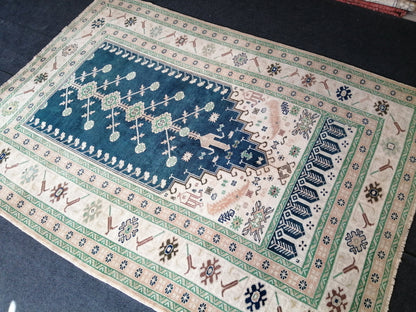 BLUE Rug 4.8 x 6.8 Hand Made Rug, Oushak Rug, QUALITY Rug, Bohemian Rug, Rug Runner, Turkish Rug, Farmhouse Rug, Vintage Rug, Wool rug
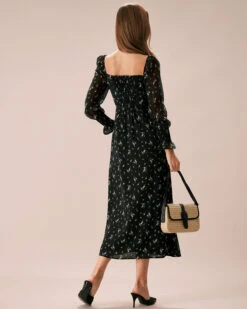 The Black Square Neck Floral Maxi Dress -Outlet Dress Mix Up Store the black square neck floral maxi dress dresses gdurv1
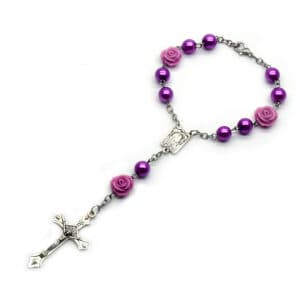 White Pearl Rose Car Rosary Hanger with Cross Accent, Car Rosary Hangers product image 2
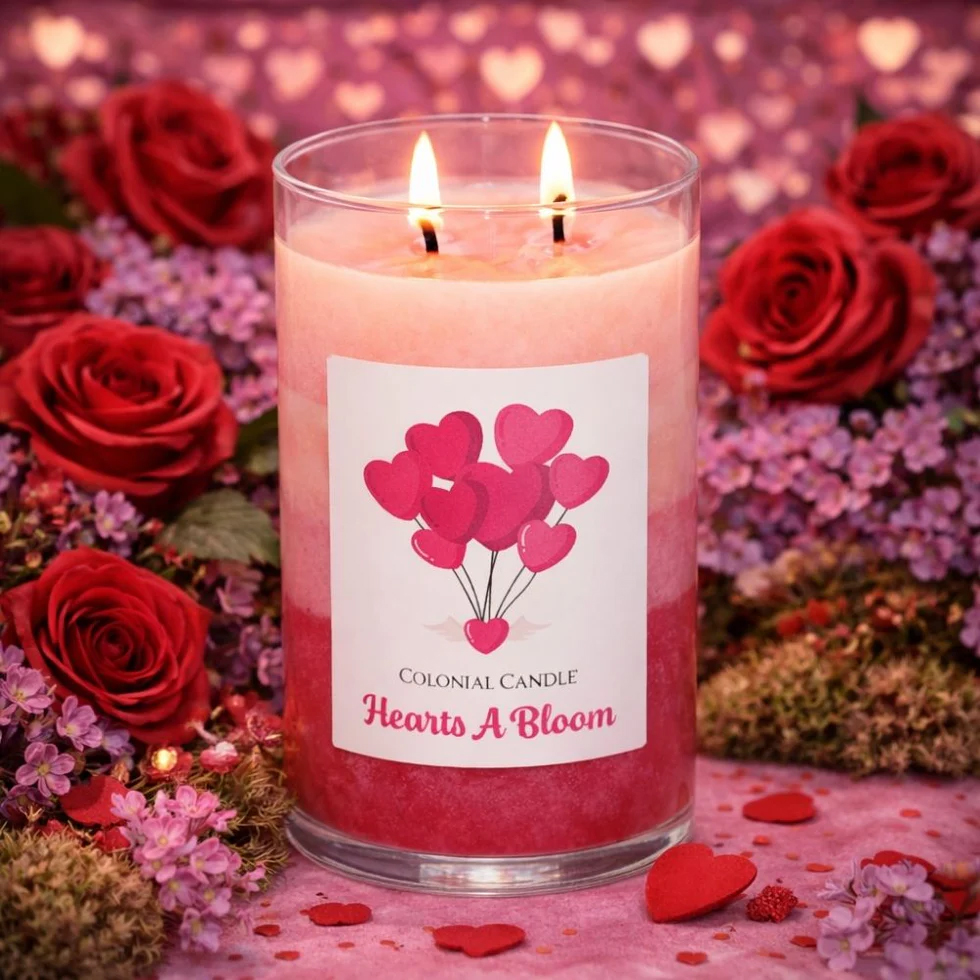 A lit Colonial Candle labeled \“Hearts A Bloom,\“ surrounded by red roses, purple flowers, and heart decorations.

- _WHAT TO PRODUCE_
Output nothing but the lines from the one containing "The Black Square Neck Floral Maxi Dress -Outlet" to the end of the listing, both ends included, reproduced exactly. Pictures stay out.

- _SOLUTION BELOW_
 The Black Square Neck Floral Maxi Dress -Outlet Dress Mix Up Store the black square neck floral maxi dress dresses gdurv1
 White Pearl Rose Car Rosary Hanger with Cross Accent, Car Rosary Hangers product image 2
 A lit Colonial Candle labeled \“Hearts A Bloom,\“ surrounded by red roses, purple flowers, and heart decorations.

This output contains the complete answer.